New CRC dean, Torence Powell, shares his personal connection in his leading role

A once “knucklehead kid” who first arrived at Cosumnes River College intimidated, Torence Powell found his way back to the college that pushed him towards the right path.

Even with a supportive family to go home to each day, Powell had managed to get into trouble as a kid.

“In the 90s, it was pretty bad,” Powell said. “There was a lot of gang violence. I lost three friends to gang violence growing up before I was 18, murdered behind ridiculous stuff.  I got in a fight my first week at Valley High, which is why I had to transfer [schools].”

Now, in slacks and a striped tie,  Powell walks in the VPA office and through the door with a plaque on the right labeled “Dean’s Office.”

Relaxing in his chair, though with his energetic personality clearly evident, Powell continues to describe his journey.
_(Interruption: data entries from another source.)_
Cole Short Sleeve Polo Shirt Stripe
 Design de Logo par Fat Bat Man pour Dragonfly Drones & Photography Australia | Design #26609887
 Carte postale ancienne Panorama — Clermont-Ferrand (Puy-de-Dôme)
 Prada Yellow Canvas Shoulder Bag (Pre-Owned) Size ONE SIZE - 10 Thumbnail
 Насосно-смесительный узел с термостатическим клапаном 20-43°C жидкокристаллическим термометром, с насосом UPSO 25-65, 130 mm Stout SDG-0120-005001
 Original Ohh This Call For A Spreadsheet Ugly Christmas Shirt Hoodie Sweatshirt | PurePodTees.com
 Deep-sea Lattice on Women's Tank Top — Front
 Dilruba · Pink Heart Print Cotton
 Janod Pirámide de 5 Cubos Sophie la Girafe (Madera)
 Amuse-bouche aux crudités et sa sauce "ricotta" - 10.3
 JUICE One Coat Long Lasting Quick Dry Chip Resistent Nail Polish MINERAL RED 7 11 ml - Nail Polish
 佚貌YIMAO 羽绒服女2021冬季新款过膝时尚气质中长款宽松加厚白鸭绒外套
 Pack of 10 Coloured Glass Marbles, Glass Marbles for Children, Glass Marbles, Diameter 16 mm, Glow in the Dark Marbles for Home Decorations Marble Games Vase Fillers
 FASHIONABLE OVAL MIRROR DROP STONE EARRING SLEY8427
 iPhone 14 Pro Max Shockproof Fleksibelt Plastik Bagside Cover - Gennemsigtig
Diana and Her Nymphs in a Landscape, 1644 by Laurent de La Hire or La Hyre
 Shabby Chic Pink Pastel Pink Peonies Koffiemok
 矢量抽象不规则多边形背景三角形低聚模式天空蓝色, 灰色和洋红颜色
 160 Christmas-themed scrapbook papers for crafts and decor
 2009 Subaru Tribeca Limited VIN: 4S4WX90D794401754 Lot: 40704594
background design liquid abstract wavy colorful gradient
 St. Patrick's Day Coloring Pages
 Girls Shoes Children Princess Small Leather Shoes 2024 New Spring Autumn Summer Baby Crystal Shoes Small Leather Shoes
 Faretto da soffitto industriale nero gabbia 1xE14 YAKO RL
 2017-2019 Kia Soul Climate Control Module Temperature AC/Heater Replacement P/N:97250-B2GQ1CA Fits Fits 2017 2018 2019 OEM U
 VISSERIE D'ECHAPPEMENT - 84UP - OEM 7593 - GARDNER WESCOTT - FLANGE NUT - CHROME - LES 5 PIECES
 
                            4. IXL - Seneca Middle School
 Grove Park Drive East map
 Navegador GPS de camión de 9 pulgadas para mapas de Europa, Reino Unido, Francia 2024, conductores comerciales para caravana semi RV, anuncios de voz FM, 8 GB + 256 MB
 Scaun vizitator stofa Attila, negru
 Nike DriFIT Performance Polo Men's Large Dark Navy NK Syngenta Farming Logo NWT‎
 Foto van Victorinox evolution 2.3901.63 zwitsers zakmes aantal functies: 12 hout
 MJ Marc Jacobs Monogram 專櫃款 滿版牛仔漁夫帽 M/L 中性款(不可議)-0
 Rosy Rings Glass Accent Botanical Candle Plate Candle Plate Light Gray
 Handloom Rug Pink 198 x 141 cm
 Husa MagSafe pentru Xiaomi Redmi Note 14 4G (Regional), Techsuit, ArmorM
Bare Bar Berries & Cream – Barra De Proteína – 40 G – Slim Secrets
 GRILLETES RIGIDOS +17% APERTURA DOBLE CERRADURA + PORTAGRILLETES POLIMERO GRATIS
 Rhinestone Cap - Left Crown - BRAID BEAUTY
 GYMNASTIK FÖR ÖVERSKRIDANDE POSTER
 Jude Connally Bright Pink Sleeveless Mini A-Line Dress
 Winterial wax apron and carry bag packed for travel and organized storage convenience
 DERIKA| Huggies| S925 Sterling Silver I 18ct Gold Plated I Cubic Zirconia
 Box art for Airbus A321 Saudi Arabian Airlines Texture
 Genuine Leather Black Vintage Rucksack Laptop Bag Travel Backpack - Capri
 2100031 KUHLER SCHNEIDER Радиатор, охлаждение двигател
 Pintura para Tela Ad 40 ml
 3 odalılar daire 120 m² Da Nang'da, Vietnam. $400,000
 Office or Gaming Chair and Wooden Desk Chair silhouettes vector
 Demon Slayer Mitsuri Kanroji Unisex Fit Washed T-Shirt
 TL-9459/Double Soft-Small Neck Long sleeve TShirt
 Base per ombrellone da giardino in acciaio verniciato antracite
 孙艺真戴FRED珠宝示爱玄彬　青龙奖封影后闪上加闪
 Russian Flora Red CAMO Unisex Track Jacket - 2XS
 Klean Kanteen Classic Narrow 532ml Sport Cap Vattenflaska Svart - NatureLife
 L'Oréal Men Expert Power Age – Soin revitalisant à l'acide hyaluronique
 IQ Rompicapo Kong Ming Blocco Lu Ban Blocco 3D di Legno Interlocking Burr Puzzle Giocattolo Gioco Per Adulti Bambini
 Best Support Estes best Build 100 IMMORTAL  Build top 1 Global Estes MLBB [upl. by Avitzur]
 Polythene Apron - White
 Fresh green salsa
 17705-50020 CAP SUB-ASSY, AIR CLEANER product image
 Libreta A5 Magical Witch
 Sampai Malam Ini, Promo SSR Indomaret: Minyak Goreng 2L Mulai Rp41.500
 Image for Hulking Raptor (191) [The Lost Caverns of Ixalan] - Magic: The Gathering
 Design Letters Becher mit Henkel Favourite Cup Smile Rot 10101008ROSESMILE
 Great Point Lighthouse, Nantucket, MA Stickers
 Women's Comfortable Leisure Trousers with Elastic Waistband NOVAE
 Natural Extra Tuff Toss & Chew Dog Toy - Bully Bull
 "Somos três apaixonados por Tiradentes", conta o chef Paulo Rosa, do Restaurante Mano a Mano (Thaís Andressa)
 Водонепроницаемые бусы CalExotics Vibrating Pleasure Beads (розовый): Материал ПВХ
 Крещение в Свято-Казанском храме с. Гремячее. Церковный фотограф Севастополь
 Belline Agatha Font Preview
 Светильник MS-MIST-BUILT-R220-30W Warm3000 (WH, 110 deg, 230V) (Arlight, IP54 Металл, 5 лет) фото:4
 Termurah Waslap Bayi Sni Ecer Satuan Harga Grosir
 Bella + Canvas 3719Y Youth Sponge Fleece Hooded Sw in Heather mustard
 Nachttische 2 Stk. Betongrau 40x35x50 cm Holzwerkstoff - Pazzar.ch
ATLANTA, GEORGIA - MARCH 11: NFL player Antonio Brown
For the new Communication, Visual and Performing Arts dean, now 32 and a graduate of Cailifornia State University, Los Angeles, CRC was an important aid in his path.

“To be encouraged and nurtured by the faculty here was huge and that was one of the catalyst for me coming back here,” Powell said.

A few of the professors that Powell met during his years as a student are now his colleagues.  In particular, photography Professor Jim West seemed to have grasped a connection with him during that time.

“He is one of those kind of guys that will do amazing things in his life,” West said.

And with his new position, Powell will be supporting West and the rest of the faculty under the CVPA department.

“This is very personal to me,” Powell said, making it clear that he understands how much of an entry point community colleges are for many people.

As dean, Powell’s first priority is to continue to support and even enhance some of the campus and community-based projects that communication students engage in.

Greenforce program administrator Lynn Hurtado worked beside Powell, who was previously the director, and shared that he was very dedicated to his job and encouraging.

“He also counseled me on a personal level and has encouraged me to better myself,” Hurtado said.

Powell realizes a large portion of time is dedicated to being a dean, and making accommodations for his other interests is just another transition.

This year, he is taking a step back from coaching Little League and traveling. Instead, he looks forward to traveling locally with his family and fraternity brothers.

Powell is also taking time to get back into running, currently training with his buddies for the California International in Sacramento. He has yet decided whether to tackle the full marathon, with this being his first.

Powell follows the “work hard, play hard” method,  which is just another piece of motivation he speaks about in a passionate tone.

With all his positive outlooks, in life and at work, Powell knows he will have to face an even harder challenge—more program cuts.

“Not knowing what we have to work with in terms of money is going to be a challenge,” Powell said.